● ASSIGNED TASK
Repeat only the lines between the one with "Mass effect cityscapes" and the end of the material below, both ends included. Omit any picture.

● DATA
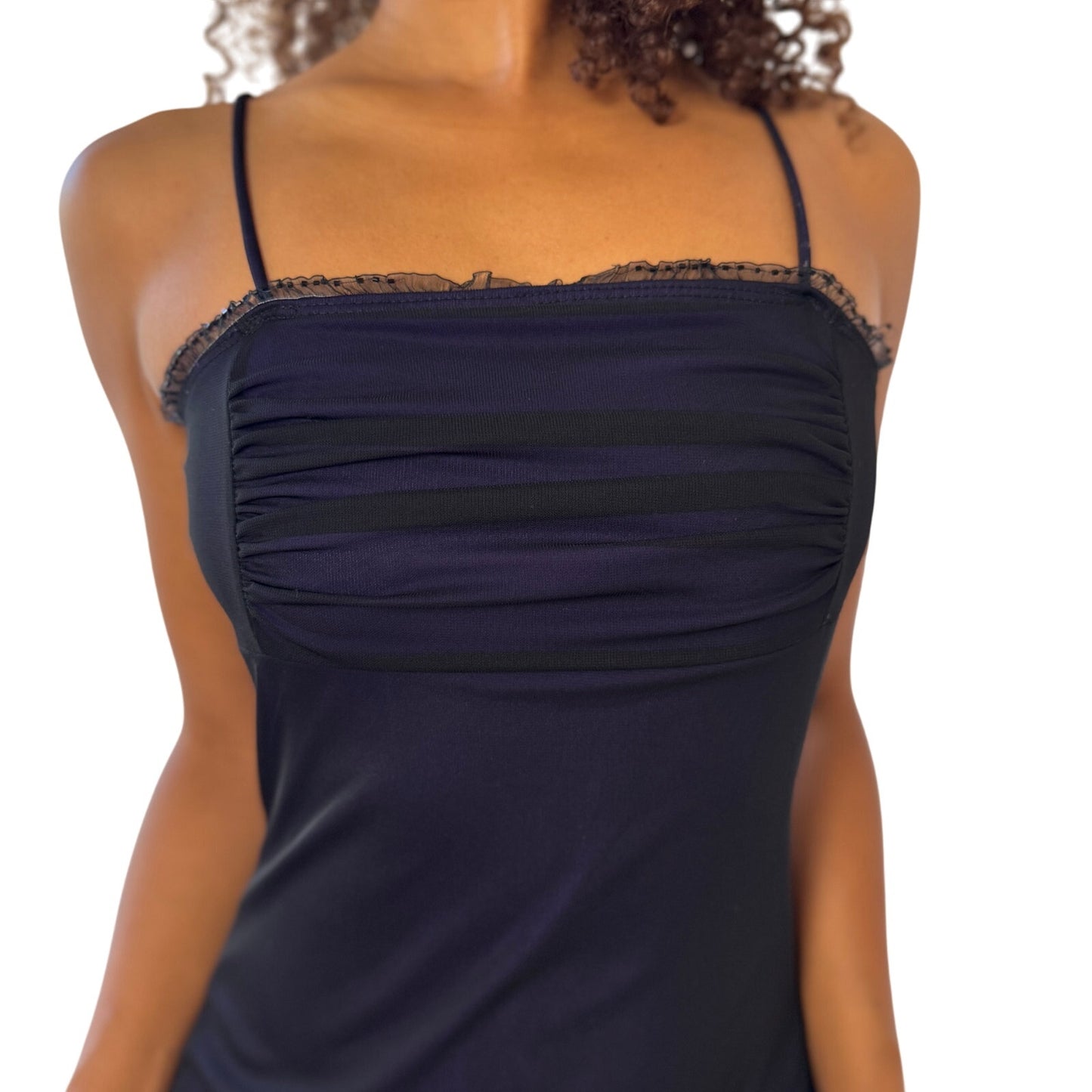 Vintage Mesh Ruched Maxi Slip Dress (XS/S)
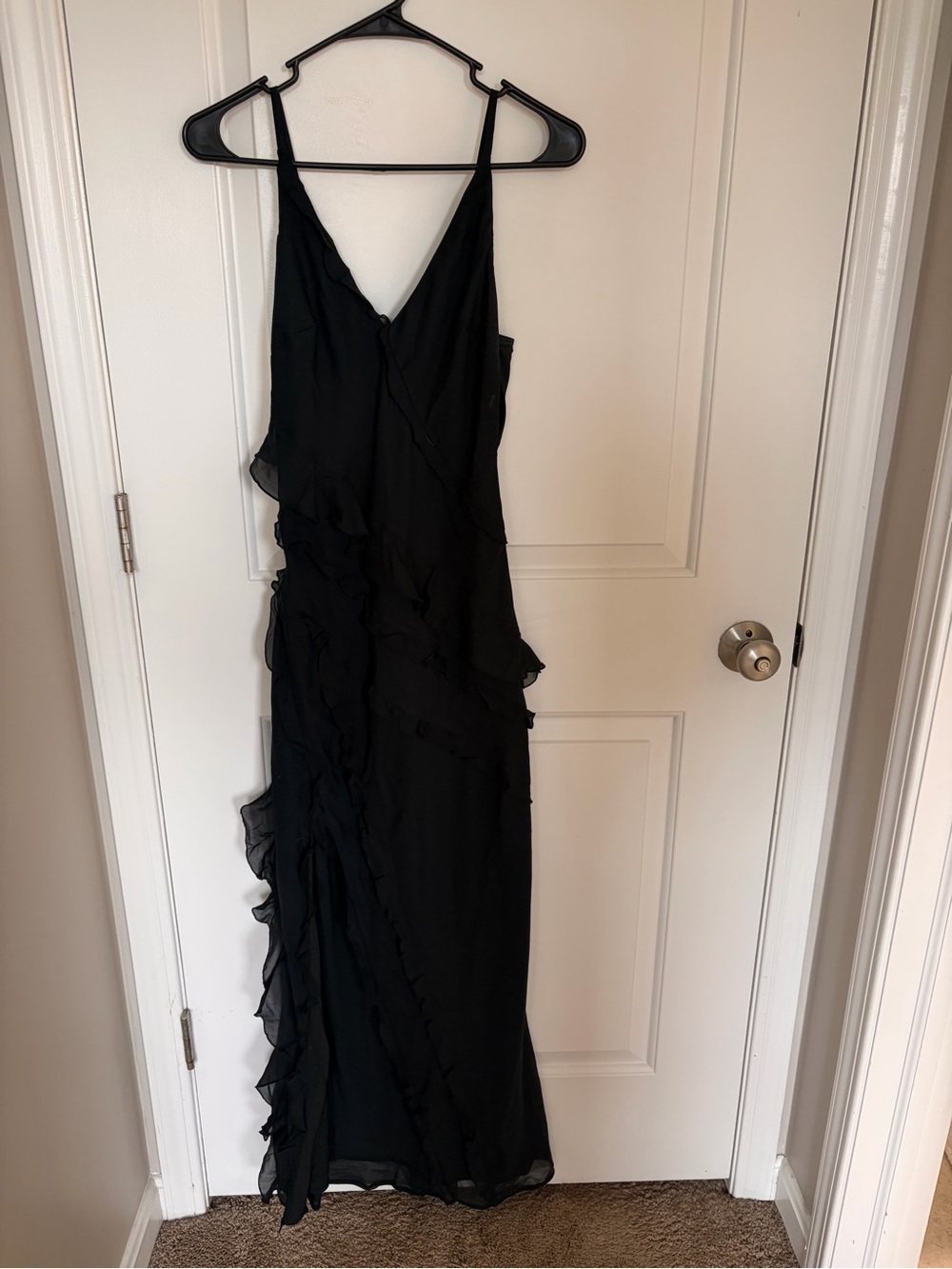 Black Ruffle Maxi Dress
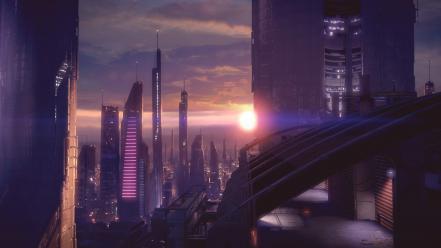 Mass effect cityscapes concept art fantasy futuristic wallpaper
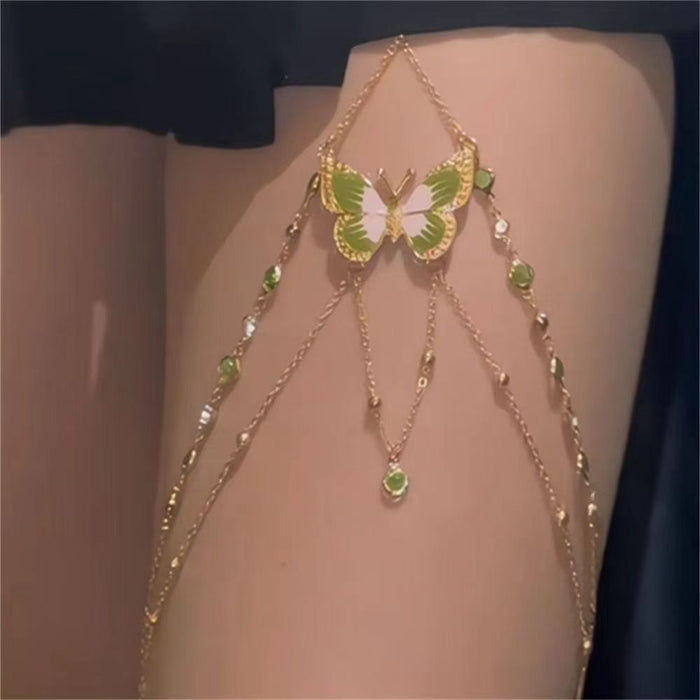 Wholesale Lace butterfly tassel leg chain, niche body chain, personalized accessory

● YOUR RESPONSE
 Mass effect cityscapes concept art fantasy futuristic wallpaper
 Wholesale Lace butterfly tassel leg chain, niche body chain, personalized accessory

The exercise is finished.